▶ [Data supplied]
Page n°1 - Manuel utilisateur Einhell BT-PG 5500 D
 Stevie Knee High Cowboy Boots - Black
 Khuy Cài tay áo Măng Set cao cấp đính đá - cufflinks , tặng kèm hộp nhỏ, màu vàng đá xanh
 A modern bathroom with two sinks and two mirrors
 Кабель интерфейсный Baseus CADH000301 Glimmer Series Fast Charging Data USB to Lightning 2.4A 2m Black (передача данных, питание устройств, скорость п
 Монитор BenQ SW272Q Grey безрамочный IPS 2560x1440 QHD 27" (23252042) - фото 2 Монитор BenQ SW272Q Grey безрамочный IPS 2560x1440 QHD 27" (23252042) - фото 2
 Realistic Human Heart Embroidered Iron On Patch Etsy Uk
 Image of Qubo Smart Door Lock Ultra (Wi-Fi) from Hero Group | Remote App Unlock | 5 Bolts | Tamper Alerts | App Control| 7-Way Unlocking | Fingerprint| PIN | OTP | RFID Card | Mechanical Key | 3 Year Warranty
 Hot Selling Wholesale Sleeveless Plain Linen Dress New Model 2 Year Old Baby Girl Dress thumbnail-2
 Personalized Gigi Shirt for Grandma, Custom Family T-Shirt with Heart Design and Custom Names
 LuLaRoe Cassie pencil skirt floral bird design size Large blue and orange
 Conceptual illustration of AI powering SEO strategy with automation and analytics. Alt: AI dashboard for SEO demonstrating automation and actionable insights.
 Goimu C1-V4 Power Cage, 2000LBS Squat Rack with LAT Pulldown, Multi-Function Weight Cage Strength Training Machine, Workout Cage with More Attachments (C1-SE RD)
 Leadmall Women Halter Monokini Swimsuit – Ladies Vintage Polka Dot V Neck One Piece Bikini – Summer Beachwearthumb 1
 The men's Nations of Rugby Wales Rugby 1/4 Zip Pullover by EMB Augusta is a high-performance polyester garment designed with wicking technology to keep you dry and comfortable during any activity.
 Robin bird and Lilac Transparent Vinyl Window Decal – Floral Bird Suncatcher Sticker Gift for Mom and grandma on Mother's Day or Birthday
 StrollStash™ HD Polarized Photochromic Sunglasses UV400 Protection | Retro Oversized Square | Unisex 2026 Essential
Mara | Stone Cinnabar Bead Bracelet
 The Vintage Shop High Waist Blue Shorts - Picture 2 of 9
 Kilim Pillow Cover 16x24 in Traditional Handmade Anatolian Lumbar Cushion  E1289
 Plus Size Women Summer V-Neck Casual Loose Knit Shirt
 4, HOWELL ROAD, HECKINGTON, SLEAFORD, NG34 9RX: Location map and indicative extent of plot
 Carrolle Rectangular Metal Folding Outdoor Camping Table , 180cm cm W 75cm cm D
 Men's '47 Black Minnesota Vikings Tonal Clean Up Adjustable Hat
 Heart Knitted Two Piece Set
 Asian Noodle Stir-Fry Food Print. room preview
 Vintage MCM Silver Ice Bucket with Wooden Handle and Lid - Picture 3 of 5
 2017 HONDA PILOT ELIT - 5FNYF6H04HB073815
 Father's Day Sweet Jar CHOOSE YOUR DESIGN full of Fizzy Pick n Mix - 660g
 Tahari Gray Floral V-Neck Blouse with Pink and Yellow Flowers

▶ [Task to complete] Set down, exactly as they stand above, the lines starting with the line with "StrollStash™ HD Polarized" and going on through the line with "Plus Size Women", and no others.

▶ [Task answer]
 StrollStash™ HD Polarized Photochromic Sunglasses UV400 Protection | Retro Oversized Square | Unisex 2026 Essential
Mara | Stone Cinnabar Bead Bracelet
 The Vintage Shop High Waist Blue Shorts - Picture 2 of 9
 Kilim Pillow Cover 16x24 in Traditional Handmade Anatolian Lumbar Cushion  E1289
 Plus Size Women Summer V-Neck Casual Loose Knit Shirt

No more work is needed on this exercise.